#### [What to work on]
Beginning with the first line below, output every record verbatim and leave out the images.

Dataset records
BEGIN

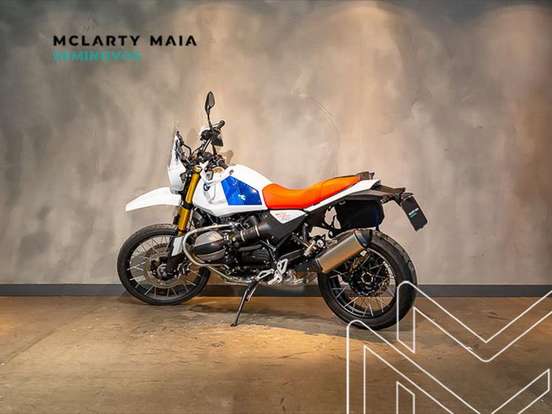 BMW-R 12 GS BMW-R 12 GS-2026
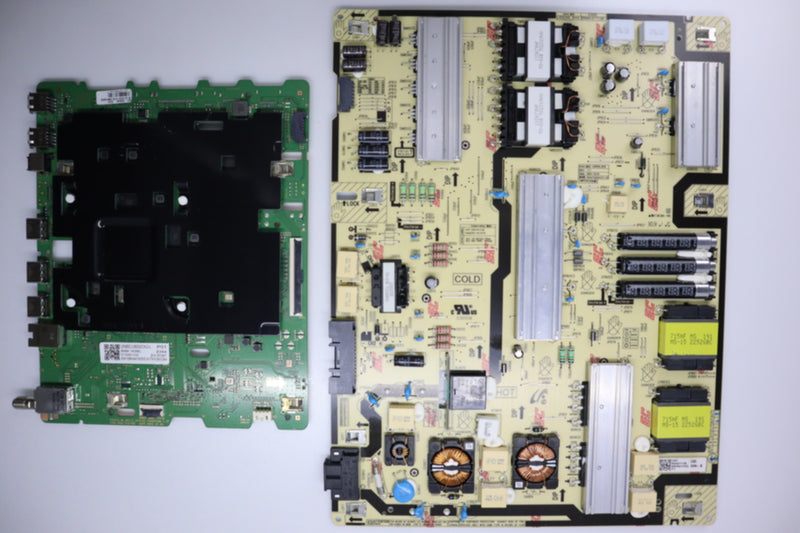 LTMKIT-Samsung-UN85CU8000DXZA-2434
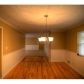 1710 S Ola Road, Locust Grove, GA 30248 ID:2865152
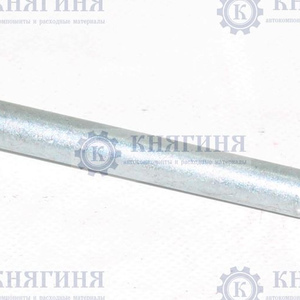 Болт М12*1,25*160 реактивной тяги ВАЗ 2121 Нива, педали сцепления ВАЗ ...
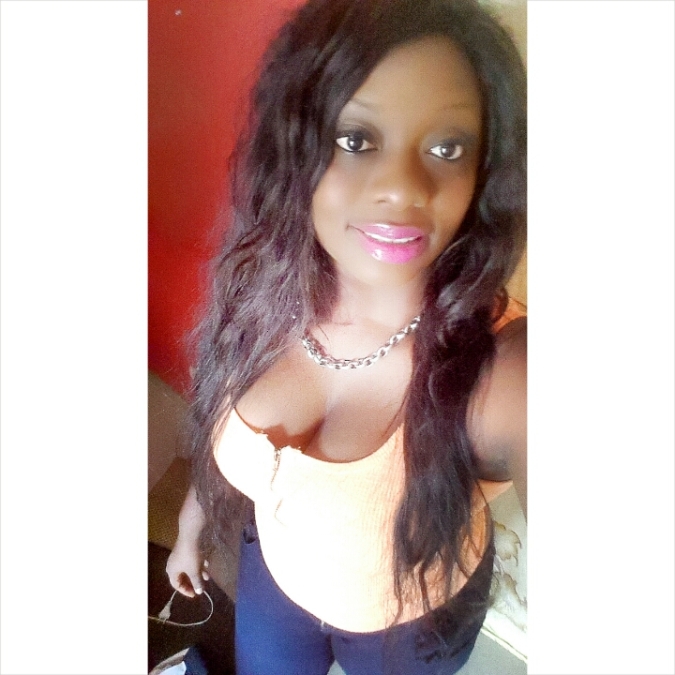 akesse, 38, Abidjan, Cote D'Ivoire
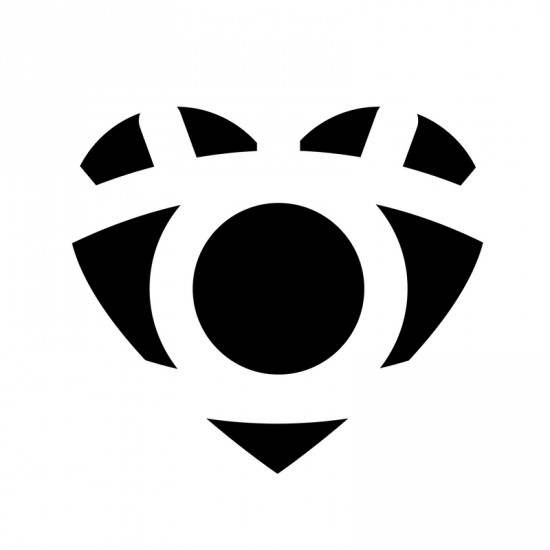 Minds profile picture for @Update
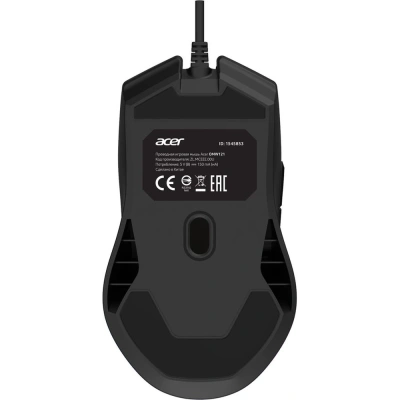 Мышь Acer OMW121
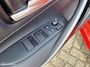 Toyota Corolla TOURING SPORTS 1.8 HYBRID DYNAMIC • 1e Eigenaar •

END

#### [Problem solution]
 BMW-R 12 GS BMW-R 12 GS-2026
 LTMKIT-Samsung-UN85CU8000DXZA-2434
 1710 S Ola Road, Locust Grove, GA 30248 ID:2865152
 Болт М12*1,25*160 реактивной тяги ВАЗ 2121 Нива, педали сцепления ВАЗ ...
 akesse, 38, Abidjan, Cote D'Ivoire
 Minds profile picture for @Update
 Мышь Acer OMW121
 Toyota Corolla TOURING SPORTS 1.8 HYBRID DYNAMIC • 1e Eigenaar •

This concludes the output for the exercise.